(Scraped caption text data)

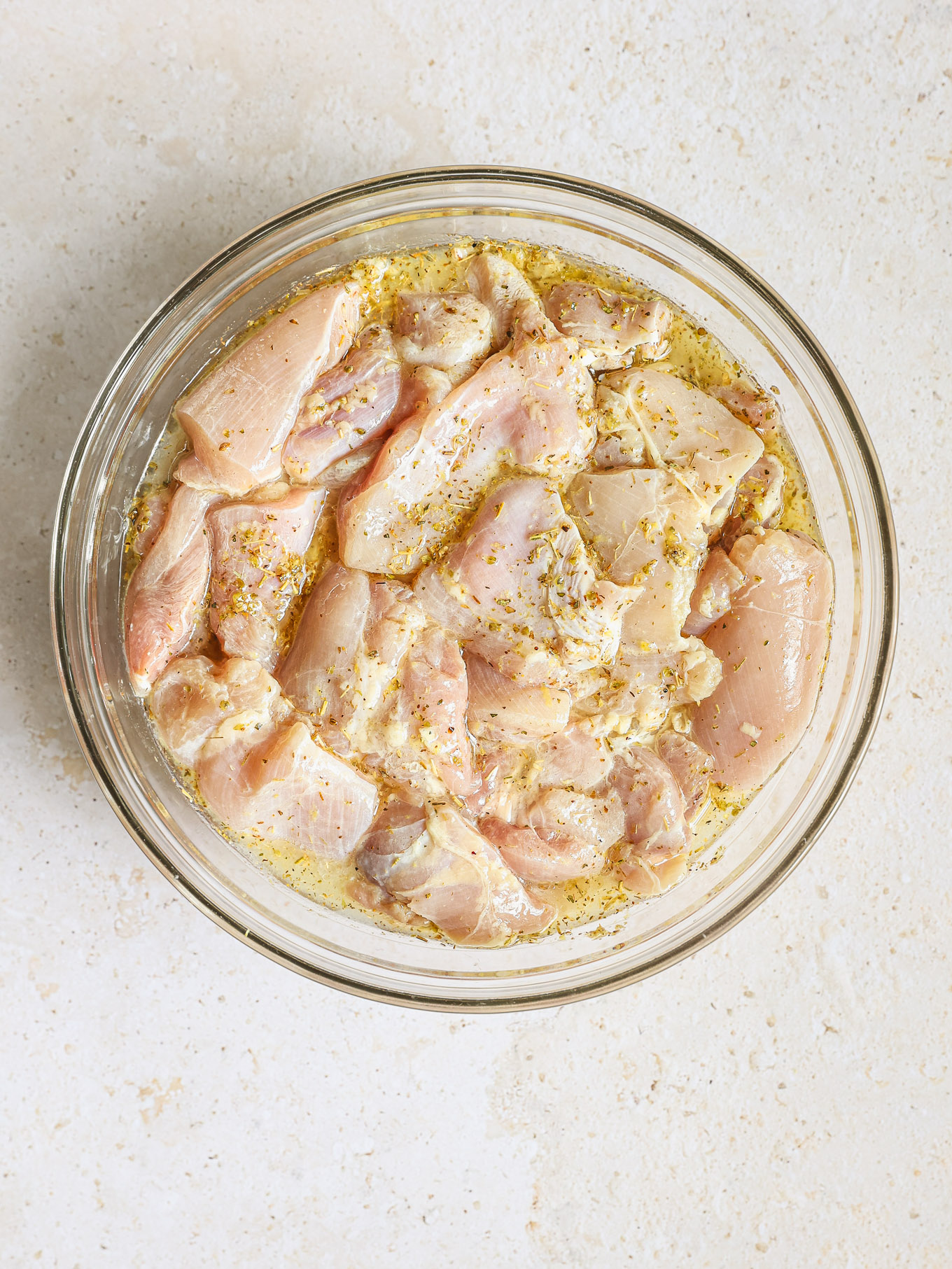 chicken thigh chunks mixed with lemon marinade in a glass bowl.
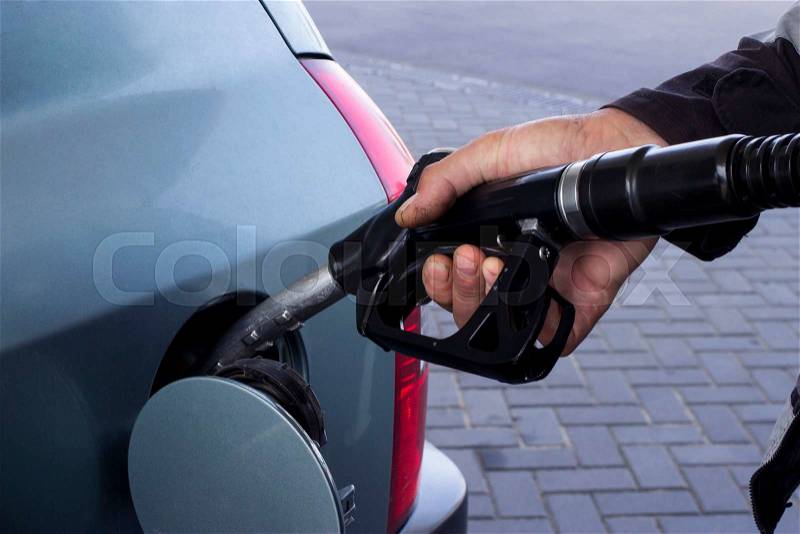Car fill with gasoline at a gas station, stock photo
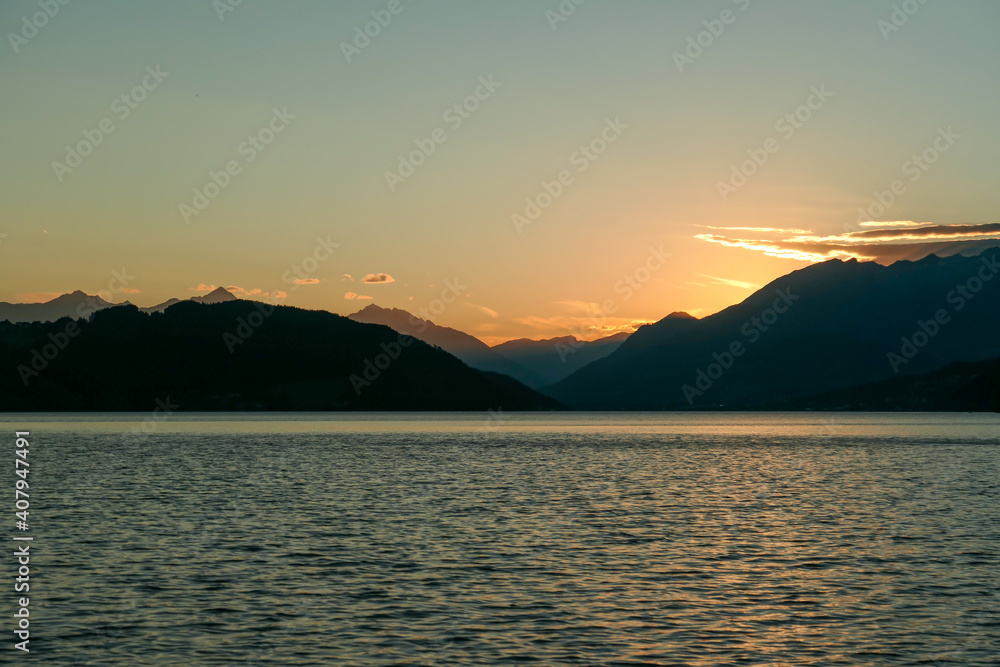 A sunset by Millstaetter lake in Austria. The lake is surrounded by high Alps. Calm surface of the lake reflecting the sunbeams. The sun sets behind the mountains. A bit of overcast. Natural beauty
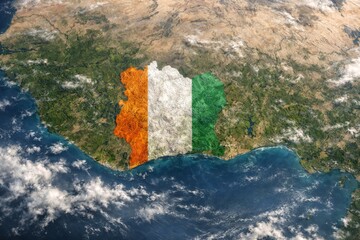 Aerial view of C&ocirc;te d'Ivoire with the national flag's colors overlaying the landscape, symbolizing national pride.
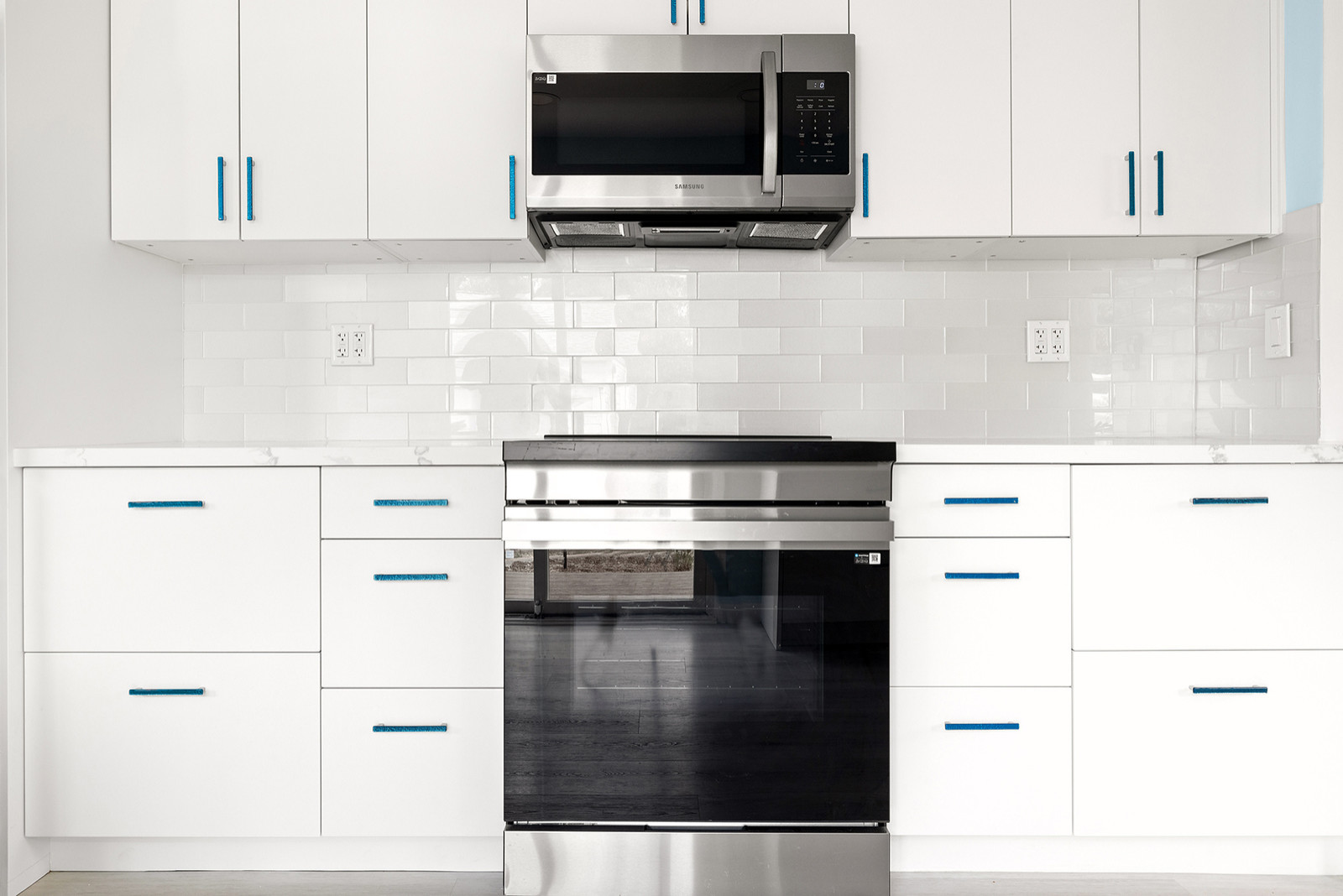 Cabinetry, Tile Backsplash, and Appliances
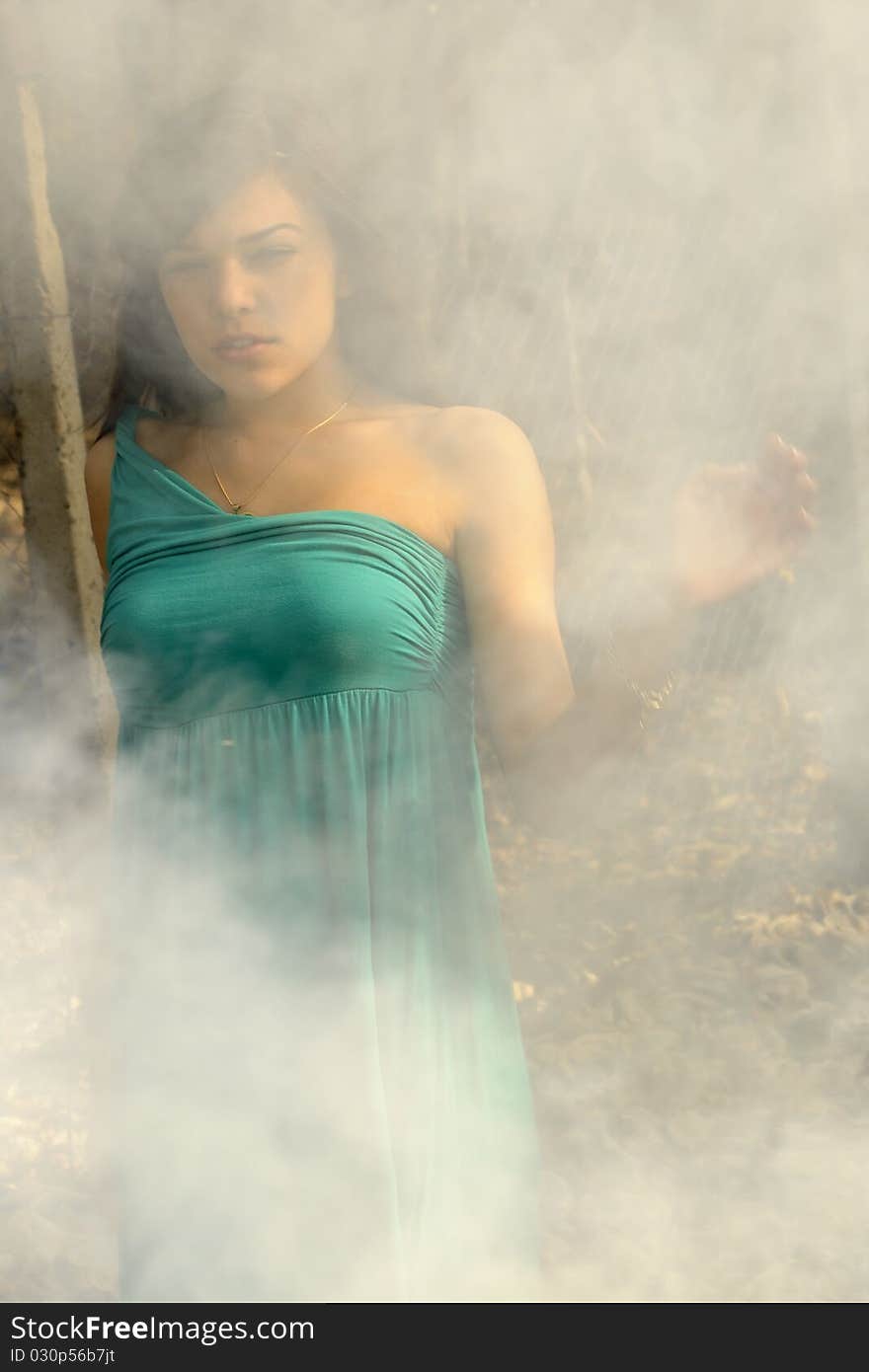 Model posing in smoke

- **What you are asked to do**: Quote exactly, and only, the lines from the line containing "Car fill with" through the final line of the records above, both included, omitting any pictures.

- **Answer**:
Car fill with gasoline at a gas station, stock photo
 A sunset by Millstaetter lake in Austria. The lake is surrounded by high Alps. Calm surface of the lake reflecting the sunbeams. The sun sets behind the mountains. A bit of overcast. Natural beauty
 Aerial view of C&ocirc;te d'Ivoire with the national flag's colors overlaying the landscape, symbolizing national pride.
 Cabinetry, Tile Backsplash, and Appliances
 Model posing in smoke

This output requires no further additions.